The Man Behind The Curtain
Frank Morgan's film career, as mentioned above, began during the silent era and continued throughout the 1940s. Morgan was nominated for two Oscars: Best Actor in 1934 for "The Affairs of Cellini" (he played the Duke of Florence) and Best Supporting Actor in 1942 for "Tortilla Flat."
He also starred in several Best Picture nominees in addition to "The Wizard of Oz," including "Naughty Marietta" (if you want to see the DNA of every single Disney animated musical, see "Naughty Marietta." It's great), the Best Picture winner "The Great Ziegfeld," and 1942's "The Human Comedy" with Mickey Rooney. In that latter film, Morgan plays the head of a telegraph office who is always so blind drunk that the Rooney character has to regularly revive him from his drunken stupor to do his job. It was the 1940s, so his alcoholism was played for laughs. This also likely stemmed from the fact that Morgan himself was a notorious alcoholic, and would drink large quantities of champagne on the set of "The Wizard of Oz."

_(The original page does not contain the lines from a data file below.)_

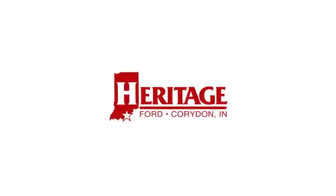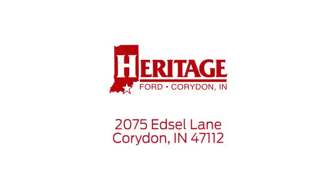Heritage Ford is proud to be an automotive leader in our community. We're located at 2075 Edsel Lane Northwest in Corridan, Indiana.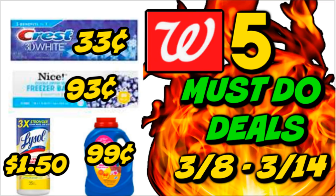Hey guys, it's time for your five must-do Walgreens deals video for the week of March 8th through the 14th. This week we have a couple of stock-up deals. I don't think there are a ton of deals yet at Walgreens, so let's wait and see what digitals we get on Sunday. But we do have some stock-up deals if you need toothpaste, laundry detergent, and some other products as well. There are also some bonus deals and one deal you really want to look out for on Sunday.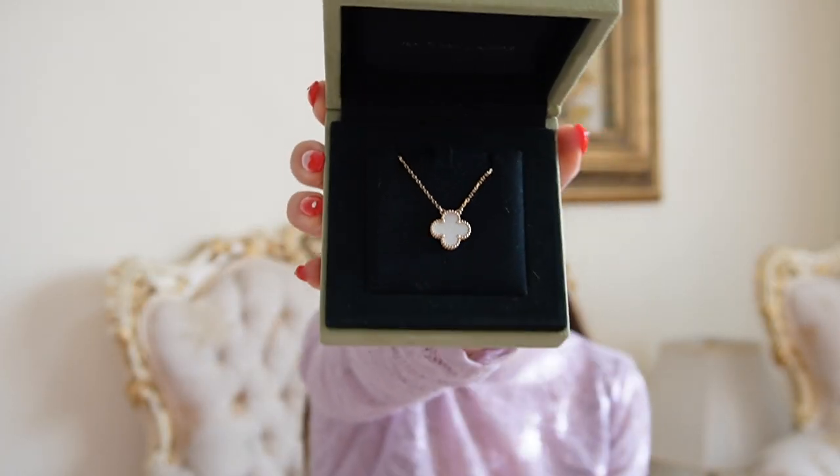Next up we have a piece of jewelry from Van Cleef. I've actually worn this out before but I just put it back in the box to show you guys. I absolutely love this. I originally got it in a size smaller and then changed it to the larger size. This was again a present from my sisters, and it is the Alhambra necklace. This is not the mini size — it's one size bigger, the normal size, and this is the mother of pearl color.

Indeed, in a story from The History Collection, director Fleming even instructed Morgan to go to his secret suitcase stash and have a drink when he was acting surly on the set. That same article also points out that Morgan was a replacement for the original Wizard actor, W.C. Fields (and can you imagine Fields in the role??), also known for his "drunk" roles. Clearly this was a quality the director wanted.
Morgan, after hundreds of films and many radio appearances, passed away in 1949 at the age of 59.